Sharjah-based Dana Gas said Sunday it has received an additional $20 million (AED 74 million) from the Egyptian government as another partial payment of its outstanding receivables.
Today’s payment was in Egyptian pound, while the $50 million received a week earlier on May 18, the company added in a statement.
The two payments together represent 25 percent of Dana Gas’ total overdue receivables of $283 million for Egypt, it stated.
Egypt, which owed international oil companies a total of $3.5 billion before the two recent payments, is struggling with paying its dues amid a shortage of dollars despite the floatation of its pound in early November.
The currency devaluation was a prerequisite for the IMF’s $12 billion extended fund facility, granted to help address the country’s economic challenges. The IMF loan helped ease a dollar shortage that was crippling the country.
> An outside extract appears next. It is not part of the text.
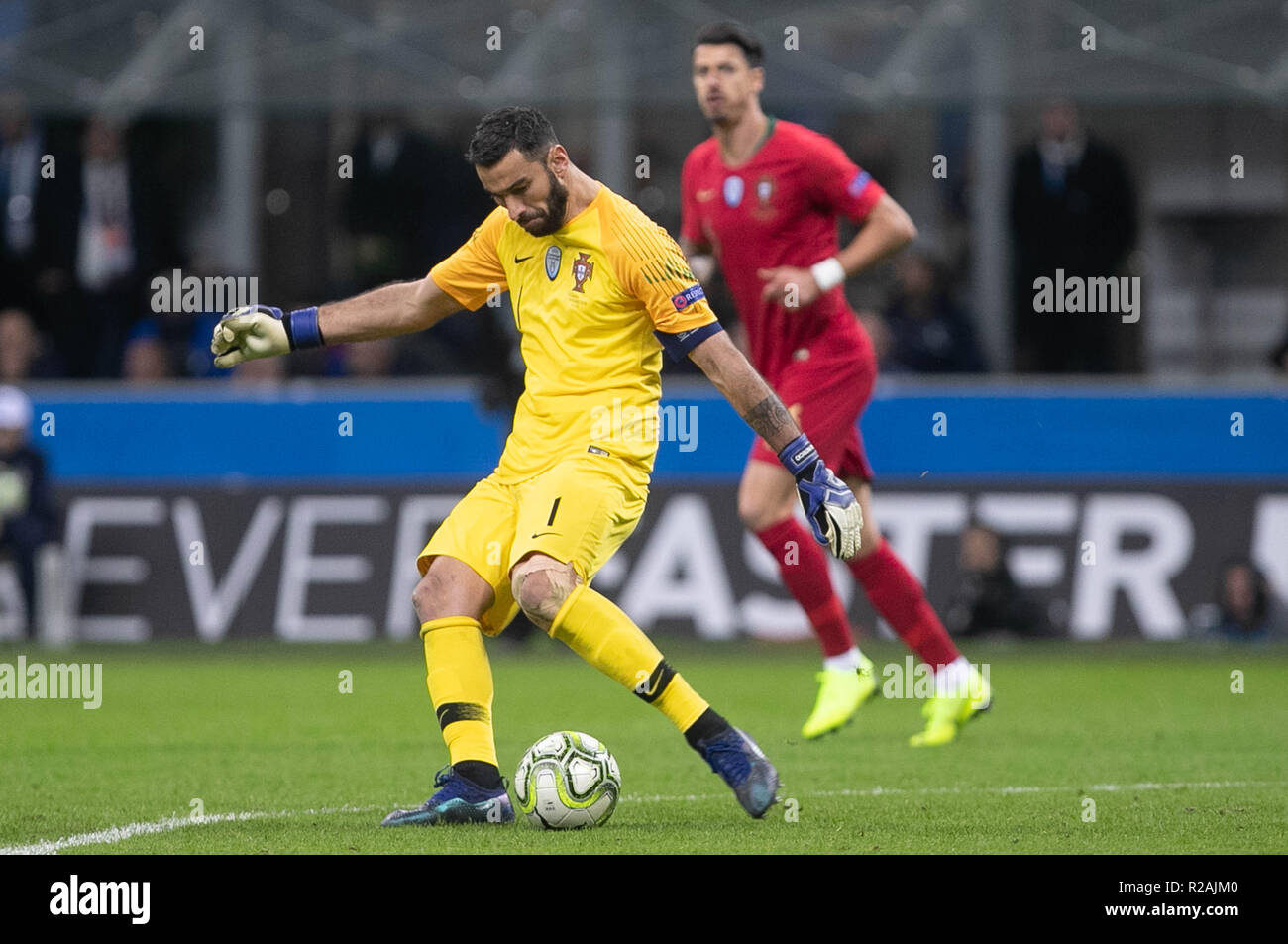 Milan, Italy. 17th Nov, 2018. Rui Patricio (Portugal) during the UEFA Nations League 2018, League A, Group 3 football match between Italy and Portugal on November 17, 2018 at Giuseppe Meazza stadium in Milan, Italy - Photo Laurent Lairys / DPPI Credit: Laurent Lairys/Agence Locevaphotos/Alamy Live News Stock Photo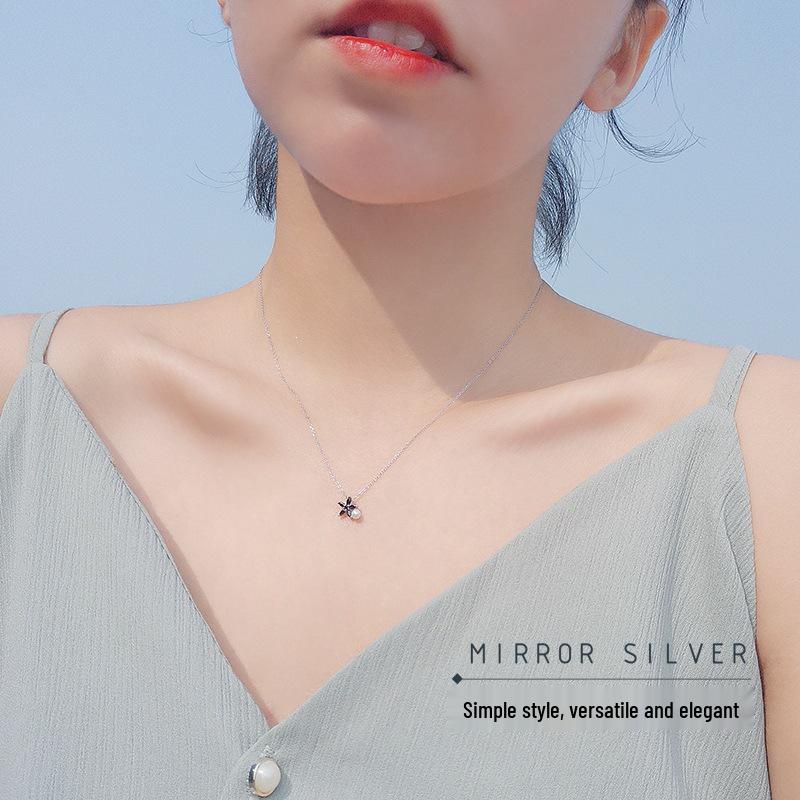 Mini Daisy Flower Mother-of-Pearl Necklace, 925 Sterling Silver, Thin Clavicle Chain for Women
The Washington-based lender reached a staff-level agreement with Egyptian authorities last week to unlock the second instalment of its three-year facility totalling $1.25 billion, subject to approval by the lender’s executive board. Egypt expects to receive the funds in June, bringing the total from the IMF to $4 billion.
Dana Gas has halted further investment in the country until the gap tightens on arrears, focusing on only completing projects under way.
“The art in Egypt is to balance our collections with our expenditures, and we’re continuing to walk that tightrope,” said Patrick Allman-Ward, the chief executive of Dana Gas, told The National last week.
But he added it does not mean that if the right offer came along, the company wouldn’t sell its Egypt assets.